KMeans

class geoanalytics.clustering.KMeans.KMeans(dataframe)[source]

Bases: object

About this algorithm

Description:

K-Means clustering by using smarter centroid initialization for better stability and faster convergence, applied here to high-dimensional data excluding x, y coordinates.

Parameters:
  • dataframe (pd.DataFrame) – A Pandas DataFrame that contains the input dataset.

  • The first two columns must be spatial or positional features (e.g., ‘x’ and ‘y’).

  • All other columns are treated as feature vectors for clustering.

Attributes:
  • df (pd.DataFrame) – Stores the copy of the input dataset, renaming first two columns to ‘x’ and ‘y’.

  • start_time (float) – Records the clustering start time for runtime analysis.

  • memory_uss_kb (float) – Measures USS memory usage in kilobytes after execution.

  • memory_rss_kb (float) – Measures RSS memory usage in kilobytes after execution.

  • labels (pd.DataFrame) – Final dataframe containing ‘x’, ‘y’, and cluster label for each instance.

  • cluster_centers_ (np.ndarray) – Coordinates of the final cluster centroids after fitting.

Execution methods

Calling from a Python program

import pandas as pd

from goeAnalytics.clustering import KMeans

df = pd.read_csv('data.csv')

obj = KMeans(df)

obj.elbowMethod()

output = obj.clustering(k=3)

labelsDF = output[0]

clusterCenters = output[1]

obj.save(outputFile='KMeansLabels.csv')

Credits

The complete program was written by Raashika and revised by M.Charan Teja under the supervision of Professor Rage Uday Kiran.

elbowMethod()[source]

Applies the elbow method to help decide the optimal number of clusters (k).

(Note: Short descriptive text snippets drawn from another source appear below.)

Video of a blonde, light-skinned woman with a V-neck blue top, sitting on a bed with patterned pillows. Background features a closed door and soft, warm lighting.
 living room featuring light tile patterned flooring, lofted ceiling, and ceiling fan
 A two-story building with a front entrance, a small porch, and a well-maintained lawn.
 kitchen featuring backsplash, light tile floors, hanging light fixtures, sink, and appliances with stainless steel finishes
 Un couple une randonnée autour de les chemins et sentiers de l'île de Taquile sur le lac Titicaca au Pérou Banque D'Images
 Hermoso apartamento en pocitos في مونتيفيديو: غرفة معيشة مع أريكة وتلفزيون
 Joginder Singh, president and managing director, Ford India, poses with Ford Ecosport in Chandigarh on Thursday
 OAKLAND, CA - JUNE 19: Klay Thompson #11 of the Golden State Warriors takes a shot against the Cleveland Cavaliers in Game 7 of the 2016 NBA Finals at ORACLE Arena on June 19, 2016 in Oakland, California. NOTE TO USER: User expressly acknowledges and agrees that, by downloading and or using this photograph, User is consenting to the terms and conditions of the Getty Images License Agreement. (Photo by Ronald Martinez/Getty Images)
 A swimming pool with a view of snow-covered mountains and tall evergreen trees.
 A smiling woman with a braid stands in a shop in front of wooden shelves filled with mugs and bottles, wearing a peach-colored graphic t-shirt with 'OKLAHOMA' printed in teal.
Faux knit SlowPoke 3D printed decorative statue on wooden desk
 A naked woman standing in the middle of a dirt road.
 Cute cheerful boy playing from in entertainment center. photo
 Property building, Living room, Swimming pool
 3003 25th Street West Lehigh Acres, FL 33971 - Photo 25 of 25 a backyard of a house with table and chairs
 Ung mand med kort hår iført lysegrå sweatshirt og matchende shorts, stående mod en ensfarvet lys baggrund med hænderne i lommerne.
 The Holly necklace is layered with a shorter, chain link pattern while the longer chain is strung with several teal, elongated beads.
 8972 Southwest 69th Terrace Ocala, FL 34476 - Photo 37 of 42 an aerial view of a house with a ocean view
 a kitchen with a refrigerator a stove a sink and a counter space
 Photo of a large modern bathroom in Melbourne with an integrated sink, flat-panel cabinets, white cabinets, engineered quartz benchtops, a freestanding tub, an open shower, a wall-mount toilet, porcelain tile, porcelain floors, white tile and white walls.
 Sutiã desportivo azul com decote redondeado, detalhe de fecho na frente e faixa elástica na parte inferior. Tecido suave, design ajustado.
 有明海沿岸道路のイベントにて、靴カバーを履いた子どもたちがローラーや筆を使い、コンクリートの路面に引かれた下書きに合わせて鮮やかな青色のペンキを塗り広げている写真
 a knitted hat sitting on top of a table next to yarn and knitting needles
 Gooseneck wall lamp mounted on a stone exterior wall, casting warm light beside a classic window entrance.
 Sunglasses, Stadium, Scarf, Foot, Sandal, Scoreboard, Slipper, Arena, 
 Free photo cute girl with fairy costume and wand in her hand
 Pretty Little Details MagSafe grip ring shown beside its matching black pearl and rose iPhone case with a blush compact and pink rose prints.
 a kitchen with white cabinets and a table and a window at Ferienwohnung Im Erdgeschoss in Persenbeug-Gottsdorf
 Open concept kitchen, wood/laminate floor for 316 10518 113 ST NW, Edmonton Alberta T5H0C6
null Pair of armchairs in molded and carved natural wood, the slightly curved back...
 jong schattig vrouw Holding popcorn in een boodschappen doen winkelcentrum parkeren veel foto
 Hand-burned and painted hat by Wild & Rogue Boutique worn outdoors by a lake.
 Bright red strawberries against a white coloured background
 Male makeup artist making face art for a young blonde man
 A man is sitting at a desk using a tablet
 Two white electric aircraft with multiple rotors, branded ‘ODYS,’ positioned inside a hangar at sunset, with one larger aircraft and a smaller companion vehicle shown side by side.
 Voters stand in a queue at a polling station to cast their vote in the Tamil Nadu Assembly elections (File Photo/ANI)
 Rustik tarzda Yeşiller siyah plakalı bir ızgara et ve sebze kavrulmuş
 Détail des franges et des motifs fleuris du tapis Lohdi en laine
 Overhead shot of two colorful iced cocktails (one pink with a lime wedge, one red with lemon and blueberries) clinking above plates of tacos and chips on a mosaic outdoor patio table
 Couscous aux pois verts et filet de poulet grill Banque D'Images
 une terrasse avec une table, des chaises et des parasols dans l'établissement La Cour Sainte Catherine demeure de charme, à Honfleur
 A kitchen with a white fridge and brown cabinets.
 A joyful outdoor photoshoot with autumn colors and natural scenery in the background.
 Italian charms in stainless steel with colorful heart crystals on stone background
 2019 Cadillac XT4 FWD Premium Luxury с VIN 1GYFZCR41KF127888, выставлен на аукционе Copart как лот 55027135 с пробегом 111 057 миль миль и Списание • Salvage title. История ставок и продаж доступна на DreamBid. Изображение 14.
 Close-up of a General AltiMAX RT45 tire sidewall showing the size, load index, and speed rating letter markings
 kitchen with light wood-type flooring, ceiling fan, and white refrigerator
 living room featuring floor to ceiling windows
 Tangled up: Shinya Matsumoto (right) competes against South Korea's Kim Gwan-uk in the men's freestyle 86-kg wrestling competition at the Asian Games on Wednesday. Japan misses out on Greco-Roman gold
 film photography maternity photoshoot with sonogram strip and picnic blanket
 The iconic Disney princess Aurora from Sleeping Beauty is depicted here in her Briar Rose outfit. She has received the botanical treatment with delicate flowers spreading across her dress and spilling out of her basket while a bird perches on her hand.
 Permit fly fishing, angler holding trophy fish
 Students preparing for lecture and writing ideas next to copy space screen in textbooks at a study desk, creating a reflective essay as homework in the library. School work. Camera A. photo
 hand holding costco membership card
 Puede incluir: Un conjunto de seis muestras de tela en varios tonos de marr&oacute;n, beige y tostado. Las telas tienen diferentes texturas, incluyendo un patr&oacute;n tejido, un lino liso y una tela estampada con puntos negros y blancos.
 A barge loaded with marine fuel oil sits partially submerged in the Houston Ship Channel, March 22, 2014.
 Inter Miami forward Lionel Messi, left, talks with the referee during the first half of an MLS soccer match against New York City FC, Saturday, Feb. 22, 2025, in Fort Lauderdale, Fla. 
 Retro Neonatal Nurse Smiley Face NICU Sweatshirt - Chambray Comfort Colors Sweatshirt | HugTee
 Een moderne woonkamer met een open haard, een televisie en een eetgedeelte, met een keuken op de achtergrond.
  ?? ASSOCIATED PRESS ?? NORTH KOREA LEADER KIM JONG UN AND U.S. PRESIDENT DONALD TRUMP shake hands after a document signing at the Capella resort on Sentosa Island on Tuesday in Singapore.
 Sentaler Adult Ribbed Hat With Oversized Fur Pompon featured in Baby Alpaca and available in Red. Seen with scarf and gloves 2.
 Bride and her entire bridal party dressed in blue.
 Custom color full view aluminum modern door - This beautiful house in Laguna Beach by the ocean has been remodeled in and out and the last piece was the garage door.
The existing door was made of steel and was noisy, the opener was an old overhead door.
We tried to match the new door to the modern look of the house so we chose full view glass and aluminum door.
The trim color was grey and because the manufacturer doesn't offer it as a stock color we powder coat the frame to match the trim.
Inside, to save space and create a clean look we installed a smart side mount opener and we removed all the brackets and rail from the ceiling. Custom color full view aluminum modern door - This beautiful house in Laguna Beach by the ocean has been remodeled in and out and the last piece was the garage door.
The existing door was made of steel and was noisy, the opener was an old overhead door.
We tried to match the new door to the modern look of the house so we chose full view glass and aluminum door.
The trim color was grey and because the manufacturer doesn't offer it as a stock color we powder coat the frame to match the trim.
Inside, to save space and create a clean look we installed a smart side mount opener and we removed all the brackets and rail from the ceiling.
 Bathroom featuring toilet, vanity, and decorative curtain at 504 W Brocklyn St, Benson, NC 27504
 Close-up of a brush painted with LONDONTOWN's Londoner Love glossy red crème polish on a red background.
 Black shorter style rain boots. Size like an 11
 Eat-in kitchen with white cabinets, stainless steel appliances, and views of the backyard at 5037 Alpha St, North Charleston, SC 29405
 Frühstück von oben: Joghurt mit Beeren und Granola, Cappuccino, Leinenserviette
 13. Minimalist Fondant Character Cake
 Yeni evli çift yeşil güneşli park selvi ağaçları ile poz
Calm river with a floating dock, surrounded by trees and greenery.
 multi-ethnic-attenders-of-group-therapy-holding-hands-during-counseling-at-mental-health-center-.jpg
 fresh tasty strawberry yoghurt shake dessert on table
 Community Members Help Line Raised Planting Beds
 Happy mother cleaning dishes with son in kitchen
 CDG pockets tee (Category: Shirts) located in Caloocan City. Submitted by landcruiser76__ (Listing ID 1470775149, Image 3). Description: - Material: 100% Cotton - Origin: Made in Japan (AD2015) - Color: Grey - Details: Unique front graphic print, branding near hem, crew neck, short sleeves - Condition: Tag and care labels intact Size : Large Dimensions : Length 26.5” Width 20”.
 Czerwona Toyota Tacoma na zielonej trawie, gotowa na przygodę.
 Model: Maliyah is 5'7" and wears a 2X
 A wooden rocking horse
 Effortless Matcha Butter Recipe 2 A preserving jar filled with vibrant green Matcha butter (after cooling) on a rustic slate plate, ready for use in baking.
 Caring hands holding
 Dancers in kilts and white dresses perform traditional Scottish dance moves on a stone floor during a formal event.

It plots WCSS (within-cluster sum of squares) for k in range 1 to 10.

getMemoryRSS()[source]

Prints the memory usage (RSS) of the process in kilobytes.

getMemoryUSS()[source]

Prints the memory usage (USS) of the process in kilobytes.

getRuntime()[source]

Prints the total runtime of the clustering algorithm.

run(k=4, max_iter=100)[source]

Runs KMeans clustering on the input dataset using scikit-learn.

Parameters:
  • k – Number of clusters to form.

  • max_iter – Maximum number of iterations for a single run.

Returns:

A DataFrame with original x, y and cluster labels, and the cluster centers.

save(outputFileLabels='KMeansLabels.csv', outputFileCenters='KMeansCenters.csv')[source]

Saves the imputed DataFrame to a CSV file.